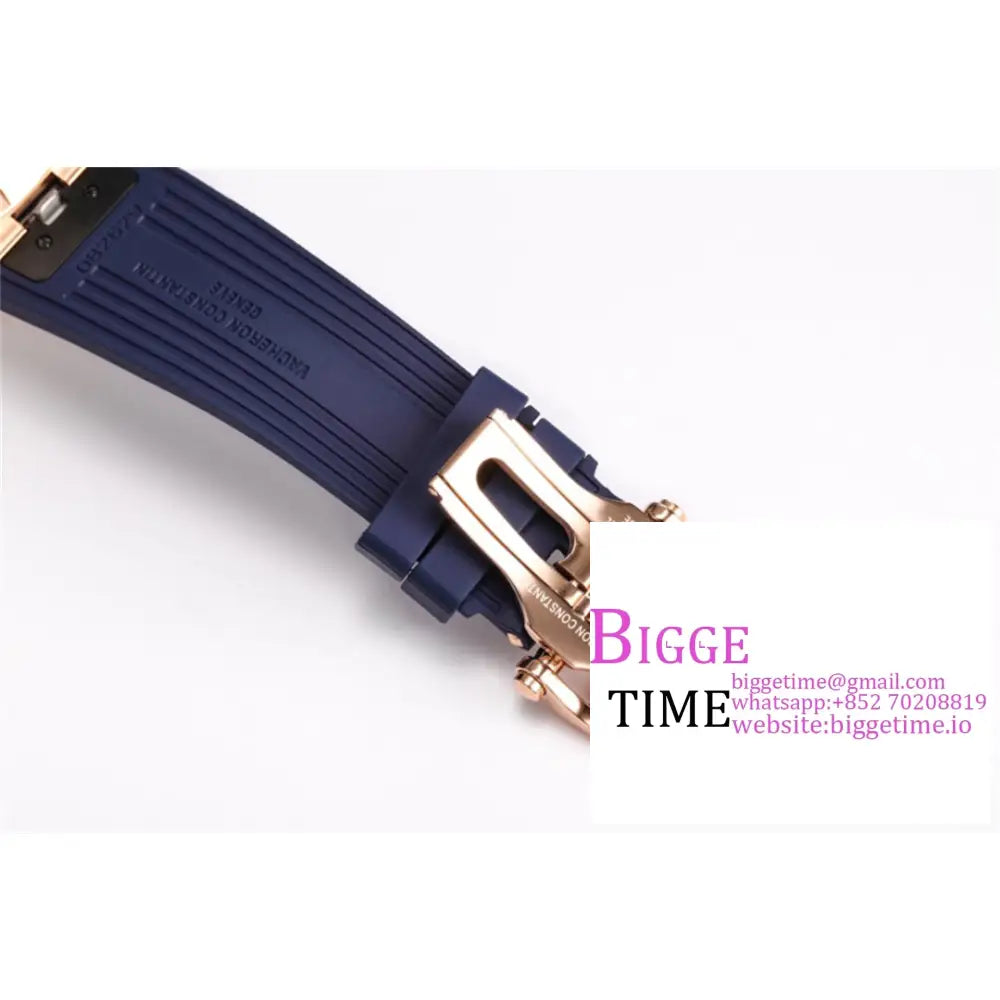 Overseas Tourbillon 42.5Mm 6000V Rg Blue Dial Leather Strap Bbrf Tourb Vacheron Constantin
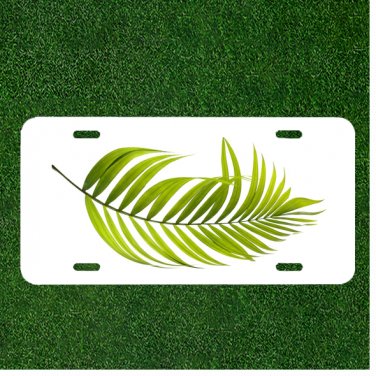 Custom Personalized License Plate Auto Tag With Gorgeous Green Leaf Design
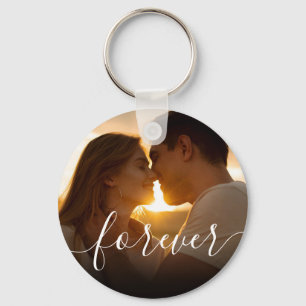 Personalized Elegant Script Photo Keychain
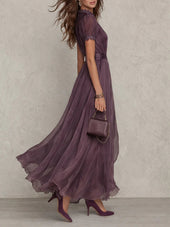 Flávia - Vestido longo roxo com decote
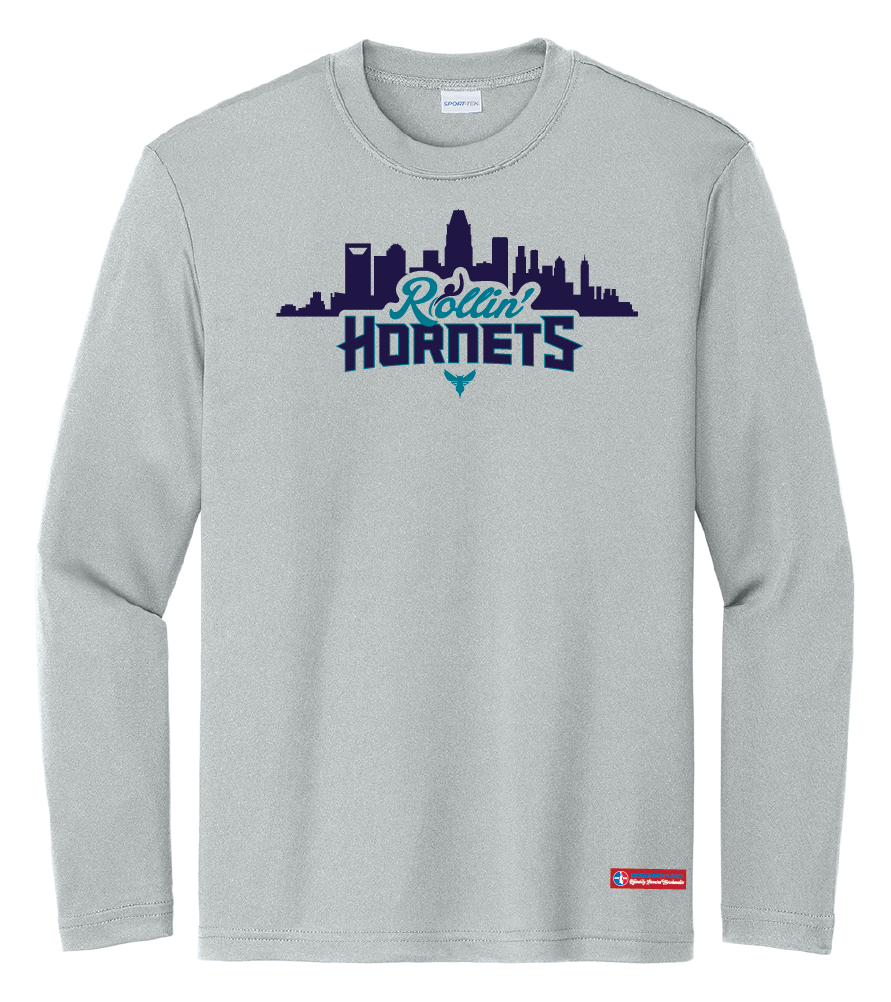 NWBA Officially Licensed - Rollin' Hornets - Youth - L/S T-Shirt - Performance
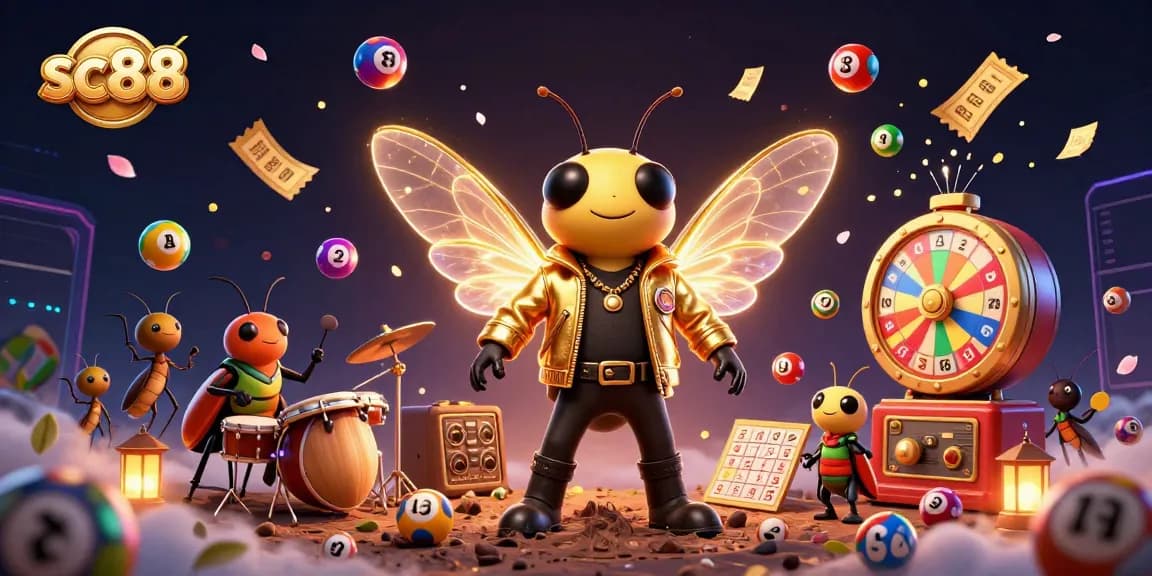 Engage in exciting lottery gameplay with sc88's dynamic casino atmosphere, featuring vibrant elements and characters.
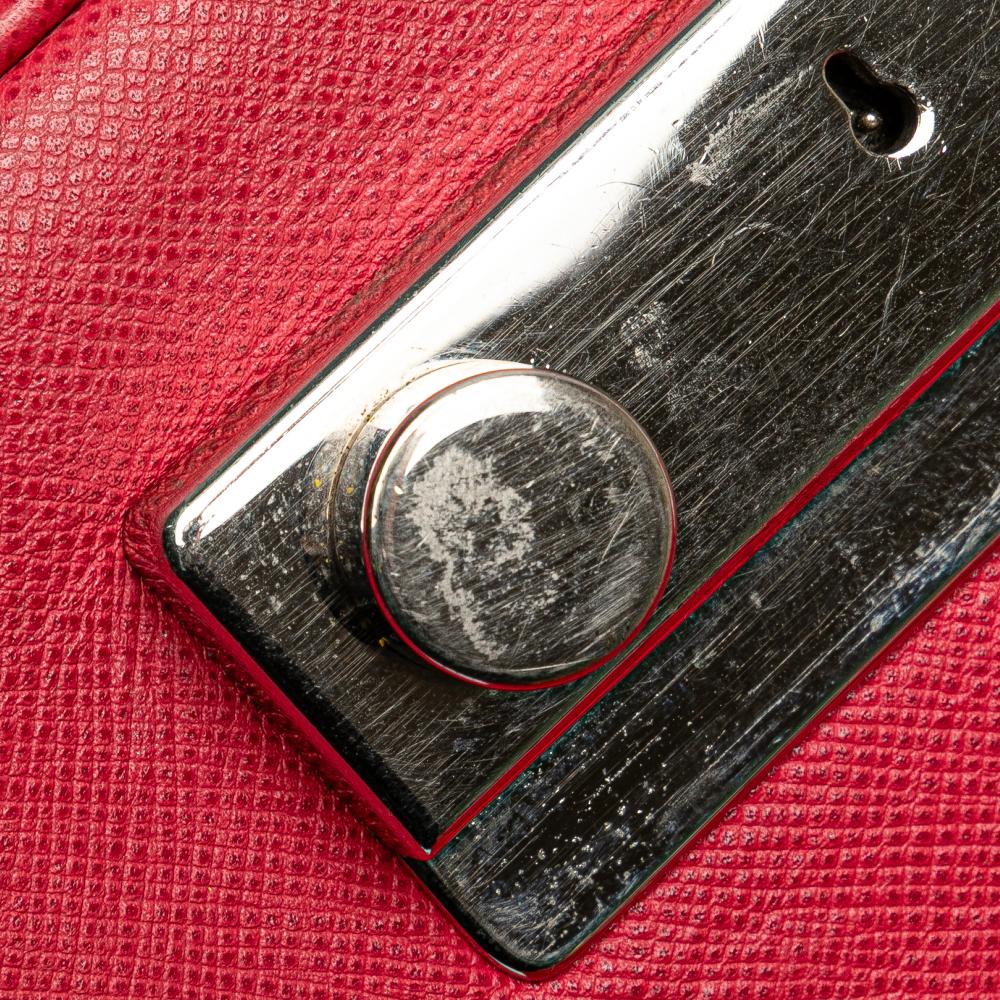 Prada B Prada Pink Blush Saffiano Leather Sound Lock Crossbody Italy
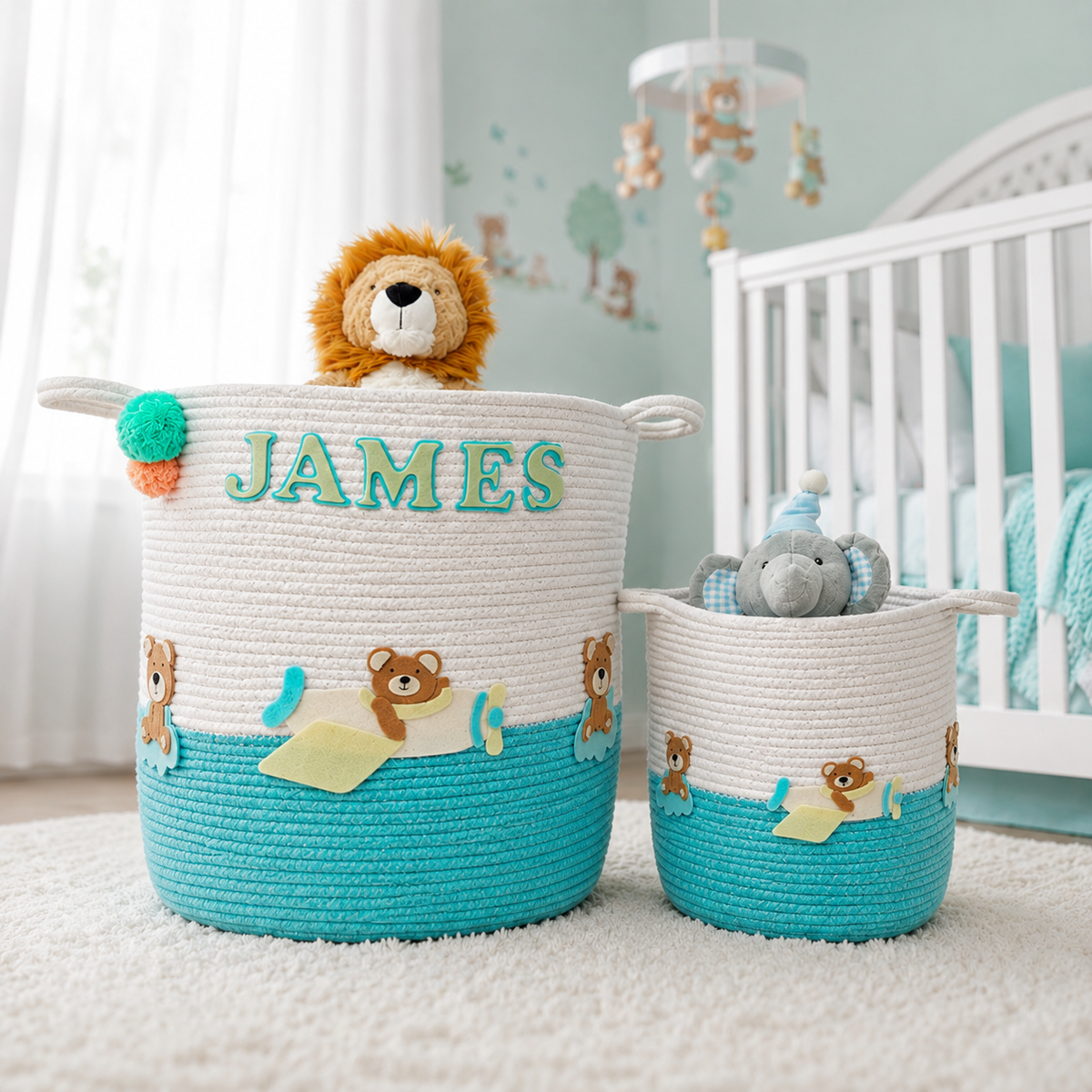Babble Wrap Jute Cotton Storage Basket - Teddy's Sky Adventure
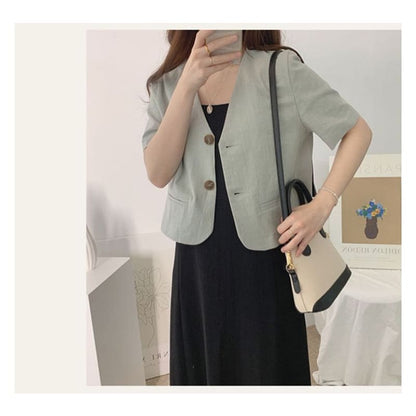 Short-Sleeve Linen Blazer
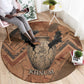 Khnum Round Carpet Ancient Egyptian Earthy Cracked Papyrus - Divine Potter - African Pride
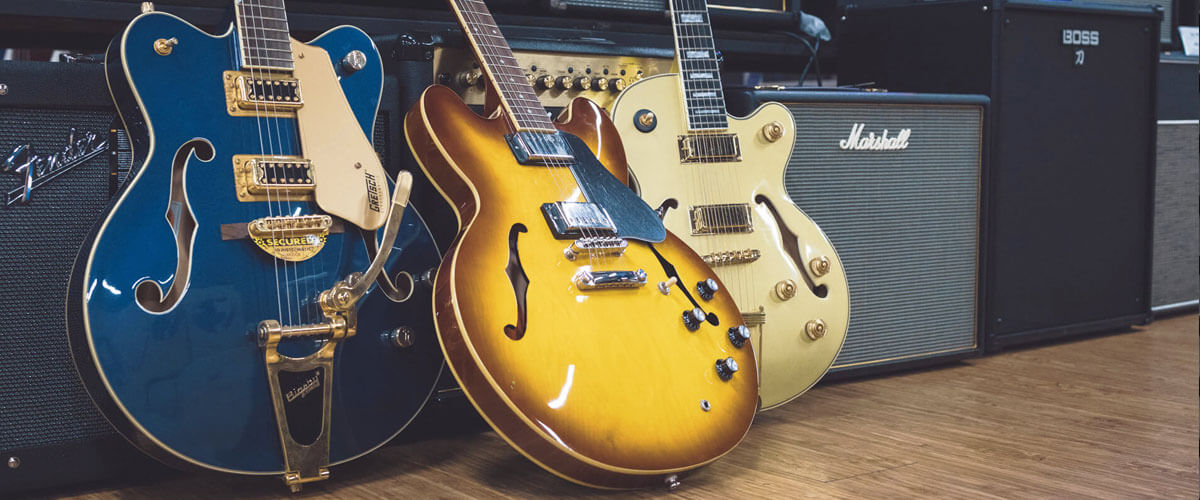 semi-hollow and hollow body electric guitar styles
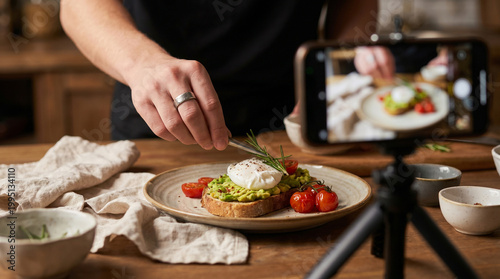 Food blogger recording video of avocado toast preparation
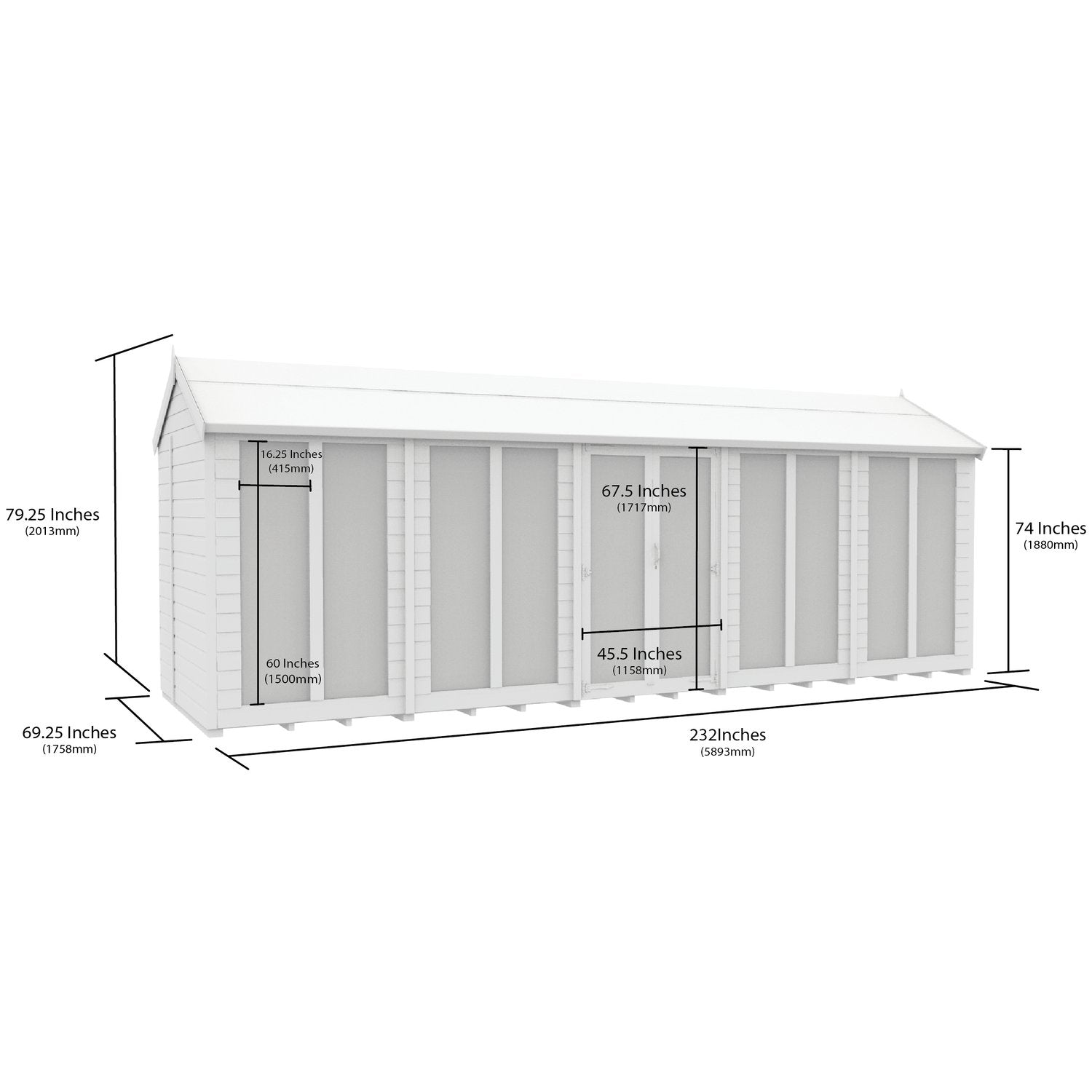 20 x 6 Apex Summer House (Full Height Window) - view 4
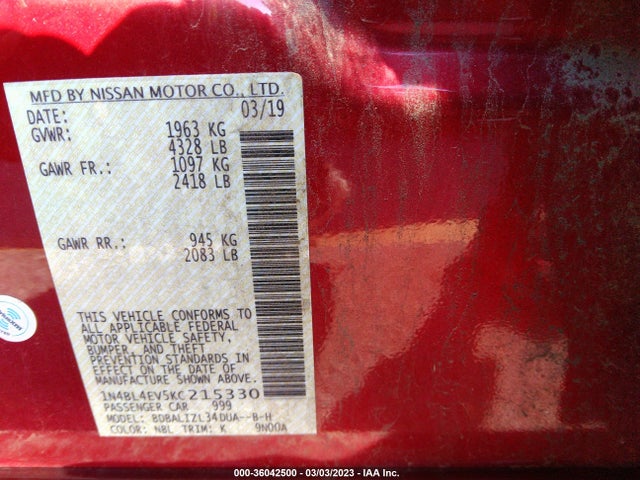 Nissan Altima 2.5 Sl 2019 1N4BL4EV5KC215330 Image 10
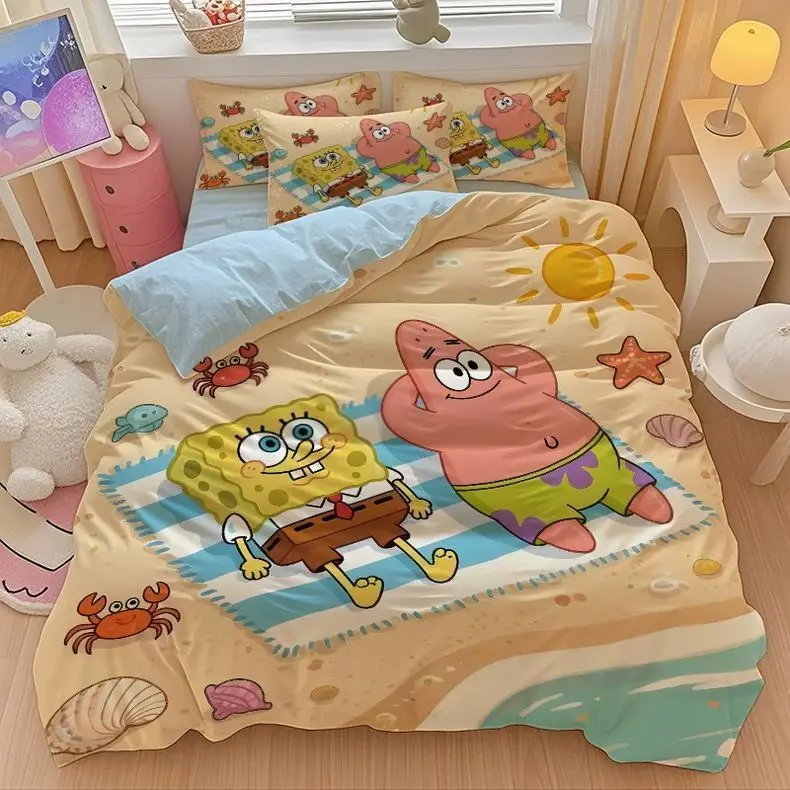 New Anime SpongeBobs Bedding Set Duvet Cover Bed Set Quilt Cover Pillowcase Comforter king Queen Size Boys Adult Bedding Set view 6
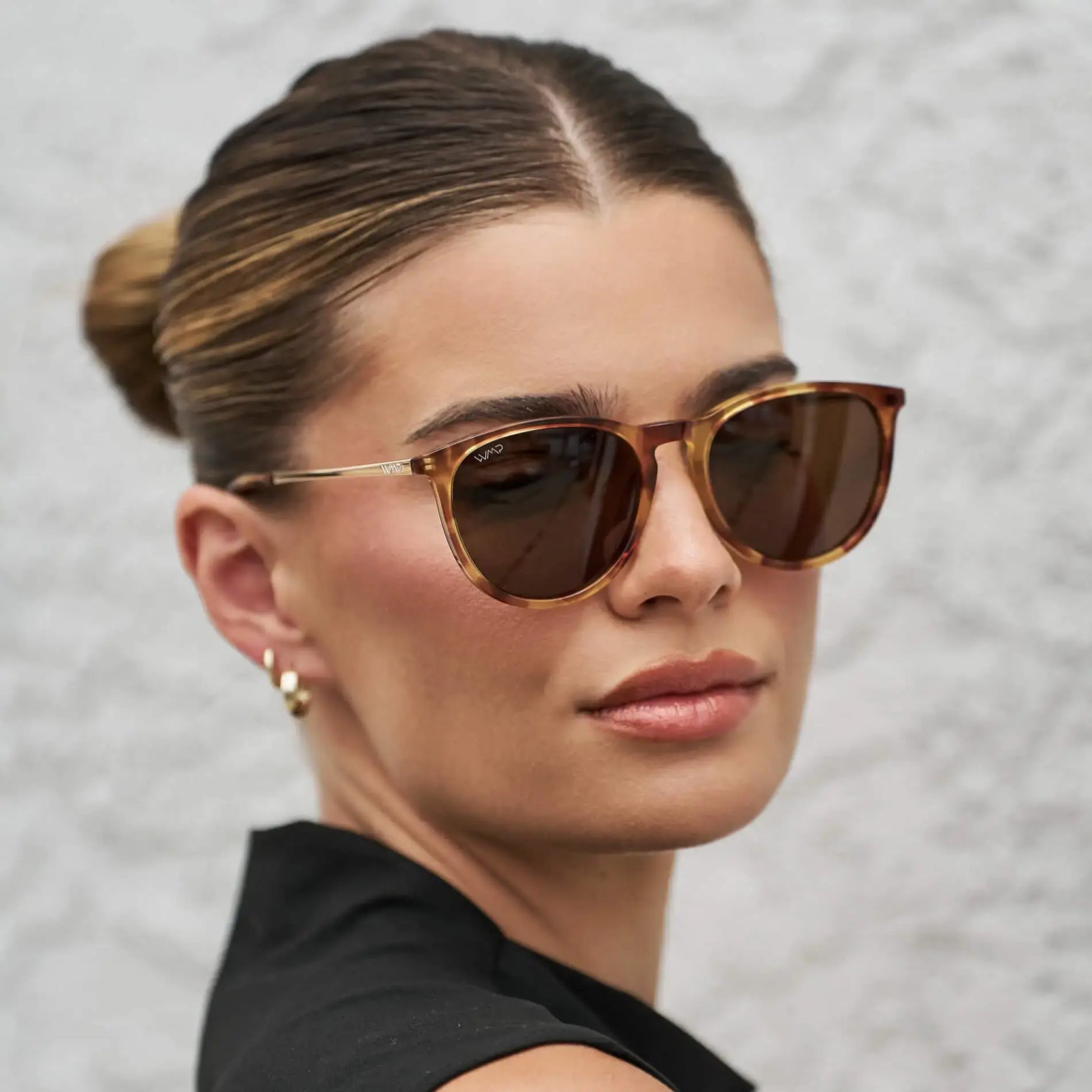 DREW Round Polarised Women's Sunglasses in Maple Tortoise by WMP Eyewear - PUNCH Watch & Eyewear - WMP Eyewear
------------------------
Assignment.
What is needed is the listing above, repeated verbatim, without its images.

Result of this task.
 Overseas Tourbillon 42.5Mm 6000V Rg Blue Dial Leather Strap Bbrf Tourb Vacheron Constantin
 Custom Personalized License Plate Auto Tag With Gorgeous Green Leaf Design
 Personalized Elegant Script Photo Keychain
 Flávia - Vestido longo roxo com decote
 NWBA Officially Licensed - Rollin' Hornets - Youth - L/S T-Shirt - Performance
 Engage in exciting lottery gameplay with sc88's dynamic casino atmosphere, featuring vibrant elements and characters.
 Prada B Prada Pink Blush Saffiano Leather Sound Lock Crossbody Italy
Babble Wrap Jute Cotton Storage Basket - Teddy's Sky Adventure
 Short-Sleeve Linen Blazer
 Khnum Round Carpet Ancient Egyptian Earthy Cracked Papyrus - Divine Potter - African Pride
 semi-hollow and hollow body electric guitar styles
 Food blogger recording video of avocado toast preparation
 20 x 6 Apex Summer House (Full Height Window) - view 4
 Nissan Altima 2.5 Sl 2019 1N4BL4EV5KC215330 Image 10
 New Anime SpongeBobs Bedding Set Duvet Cover Bed Set Quilt Cover Pillowcase Comforter king Queen Size Boys Adult Bedding Set view 6
 DREW Round Polarised Women's Sunglasses in Maple Tortoise by WMP Eyewear - PUNCH Watch & Eyewear - WMP Eyewear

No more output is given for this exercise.